A fantastic world with good combat and stiff challenge that is sadly missing its soul.

User Rating: 8 | Elden Ring PS5

I vowed I was not going to buy this game. I have a love-hate relationship with From Software games, and I was torn on whether I should really invest so much of my free time dying over and over in FS’s latest. And yet, I was drawn in again to another soulsborne experience.

Being frank, I will say I think this is a good game. At times, it is a great game. The world the player explores, known simply as the Lands Between, is a fascinating and engrossing place. It feels wondrous, sad, and ominous all at once in a way that truly draws you in. As with all soulsborne games, this game is very challenging, especially the boss fights. Personally, the boss fights don’t do anything for me; just my opinion, but it doesn’t add anything to the experience, and just serves as an obstacle in the way of getting back to what is, in my opinion, the best part of Elden Ring, which is exploring the vast world. It seems to really drag the pace down to an otherwise flowing combination of combat and discovery, but that’s just me.

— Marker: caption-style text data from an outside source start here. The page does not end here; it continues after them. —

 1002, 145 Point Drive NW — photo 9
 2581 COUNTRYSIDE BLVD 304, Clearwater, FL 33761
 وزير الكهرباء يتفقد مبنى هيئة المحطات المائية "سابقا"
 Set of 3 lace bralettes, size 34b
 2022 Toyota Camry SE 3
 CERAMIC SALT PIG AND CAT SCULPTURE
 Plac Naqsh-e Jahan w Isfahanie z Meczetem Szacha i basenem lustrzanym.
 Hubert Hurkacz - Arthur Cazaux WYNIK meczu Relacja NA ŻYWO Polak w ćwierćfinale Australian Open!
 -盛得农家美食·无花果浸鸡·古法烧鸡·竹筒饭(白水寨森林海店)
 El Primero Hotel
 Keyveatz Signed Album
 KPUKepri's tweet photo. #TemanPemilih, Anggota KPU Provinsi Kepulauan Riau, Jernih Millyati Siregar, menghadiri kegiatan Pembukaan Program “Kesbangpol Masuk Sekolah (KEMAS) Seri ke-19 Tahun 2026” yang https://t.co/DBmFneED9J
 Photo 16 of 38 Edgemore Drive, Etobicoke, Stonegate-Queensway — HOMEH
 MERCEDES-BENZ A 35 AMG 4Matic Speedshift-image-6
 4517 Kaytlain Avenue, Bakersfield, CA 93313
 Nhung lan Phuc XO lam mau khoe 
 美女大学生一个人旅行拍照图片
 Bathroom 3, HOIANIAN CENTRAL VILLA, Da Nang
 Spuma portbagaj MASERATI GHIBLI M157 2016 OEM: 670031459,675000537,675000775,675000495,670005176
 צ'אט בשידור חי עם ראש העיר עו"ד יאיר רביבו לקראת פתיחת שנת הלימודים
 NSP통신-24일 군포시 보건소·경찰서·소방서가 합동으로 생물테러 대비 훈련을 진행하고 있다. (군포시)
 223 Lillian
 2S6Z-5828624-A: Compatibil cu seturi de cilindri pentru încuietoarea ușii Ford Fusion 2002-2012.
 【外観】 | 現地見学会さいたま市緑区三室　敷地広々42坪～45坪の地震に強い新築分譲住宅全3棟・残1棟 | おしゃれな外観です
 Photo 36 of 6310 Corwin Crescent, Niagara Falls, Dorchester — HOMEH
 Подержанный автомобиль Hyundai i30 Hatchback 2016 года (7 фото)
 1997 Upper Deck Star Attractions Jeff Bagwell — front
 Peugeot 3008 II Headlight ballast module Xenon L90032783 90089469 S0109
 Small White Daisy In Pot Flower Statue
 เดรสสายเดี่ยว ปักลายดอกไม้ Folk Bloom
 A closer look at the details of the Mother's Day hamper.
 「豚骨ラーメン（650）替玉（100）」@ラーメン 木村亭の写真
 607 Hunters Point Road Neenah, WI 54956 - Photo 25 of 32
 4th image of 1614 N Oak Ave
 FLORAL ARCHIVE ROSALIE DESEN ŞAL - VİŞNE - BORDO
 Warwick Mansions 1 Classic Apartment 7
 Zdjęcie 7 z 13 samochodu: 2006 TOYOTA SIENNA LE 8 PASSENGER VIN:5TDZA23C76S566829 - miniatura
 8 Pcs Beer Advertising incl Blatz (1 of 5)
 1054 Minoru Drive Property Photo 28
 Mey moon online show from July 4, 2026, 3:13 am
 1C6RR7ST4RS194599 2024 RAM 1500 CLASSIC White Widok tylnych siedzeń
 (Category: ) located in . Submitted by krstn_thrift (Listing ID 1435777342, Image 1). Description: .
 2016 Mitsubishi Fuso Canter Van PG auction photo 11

Combat feels like a natural progression of Dark Souls – dodging and waiting for an opening to strike the many monsters in the world is still the most prevalent focus of the combat. You get more magical options this time around though, which has given the fighting some much needed variety for the souls formula.

The area that the wonder and ‘magic’ start to unravel sadly is in the narrative, or rather, the lack of it altogether. Many hours in, after the initial awe I felt walking out into the Lands Between to fade, a sense of emptiness crept in. The world of Elden Ring looks fantastic; its characters, weapons, creatures, etc seem like they want to tell a story. But it is a story that is regrettably never told. There are a handful of NPC’s with quests and whatnot, but otherwise there is virtually no cinematics, cut scenes, no character building whatsoever; its like a great play with the stage set, actors all present, but there isn’t a script.

The absence of a true narrative or storytelling began to make to make me feel like my choices had no meaning. Okay, I get fighting these insane bosses is supposed to make me feel accomplished and that I “overcame adversity” – but why are these monsters adversaries of mine? Why does literally everything want to kill me so bad? I am tarnished, someone banished from the world, but why? It doesn’t’ matter if this character that is a boss was betrayed by this other character (also a boss you have to fight, later) and now they are mad or something, wants to kill the player. It has absolutely no bearing on the character you play. Again, It really makes it feel like choices don’t matter like killing a boss has no emotional weight other than “you did it!” In comparison to other open world games, this is where Elden Ring falls short. It feels less at times like a living, breathing universe and more like one big open arena to slaughter absolutely everything in sight; and that is the majority of activity in Elden Ring - you go to places, you fight, fight, fight. It has very deep lore, sure, but you are not, as a player, really rooted in any of it.

I still think this is a great open world game, don’t get me wrong; it is sad however that the connection, intimacy, and dynamics of a well told story are absent from it’s artistic, beautiful world. Because it’s world deserves to have its story told.